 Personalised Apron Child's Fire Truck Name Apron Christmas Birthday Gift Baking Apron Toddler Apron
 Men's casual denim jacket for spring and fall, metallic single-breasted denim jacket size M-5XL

=-=-=-=-=

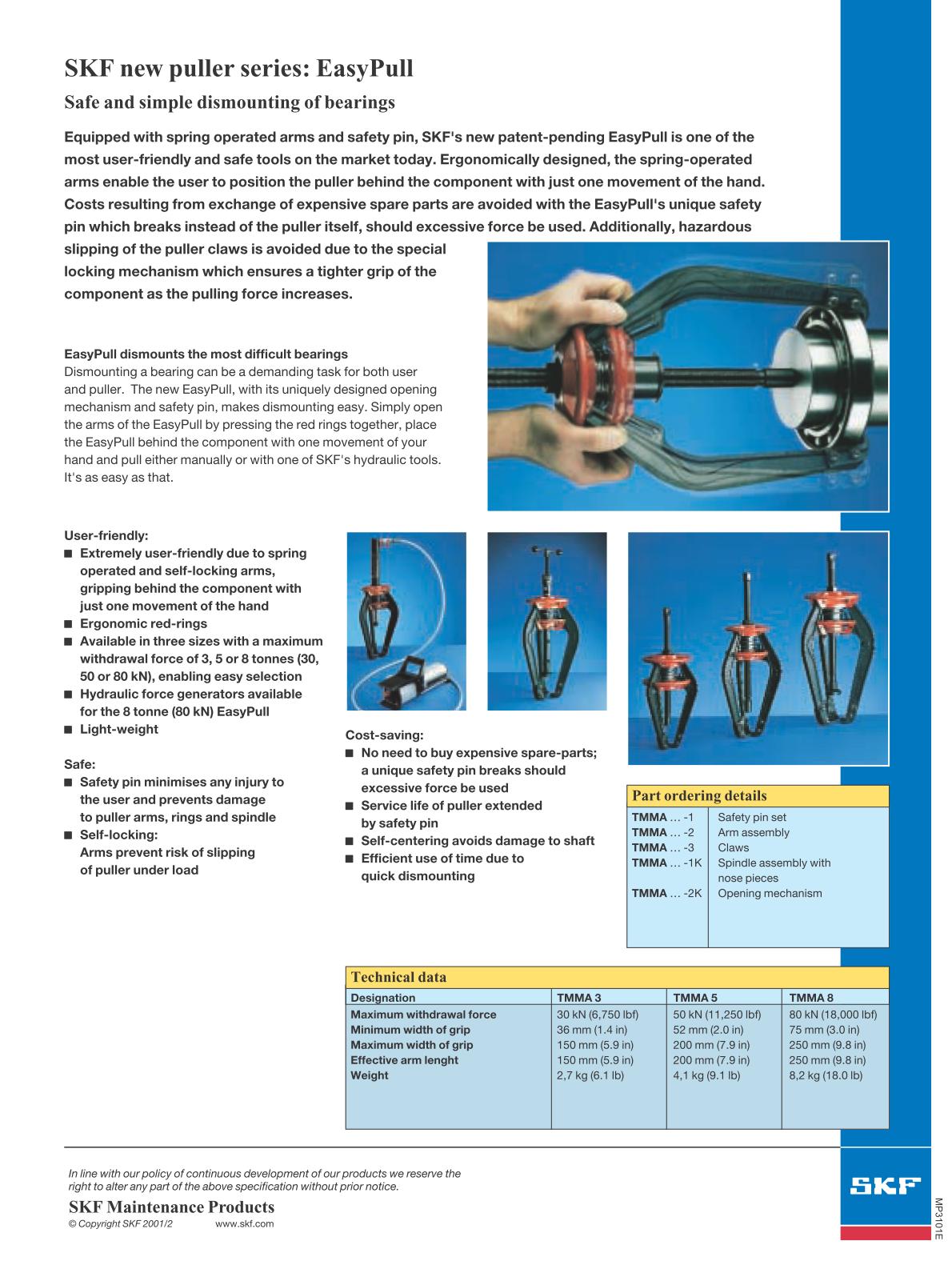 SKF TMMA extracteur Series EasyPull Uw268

=-=-=-=-=

> What you will do: Of the lines above, output exactly those from the line bearing "Personalised Apron Child's" through the line bearing "Men's casual denim", inclusive.

> Worked solution:
 Personalised Apron Child's Fire Truck Name Apron Christmas Birthday Gift Baking Apron Toddler Apron
 Men's casual denim jacket for spring and fall, metallic single-breasted denim jacket size M-5XL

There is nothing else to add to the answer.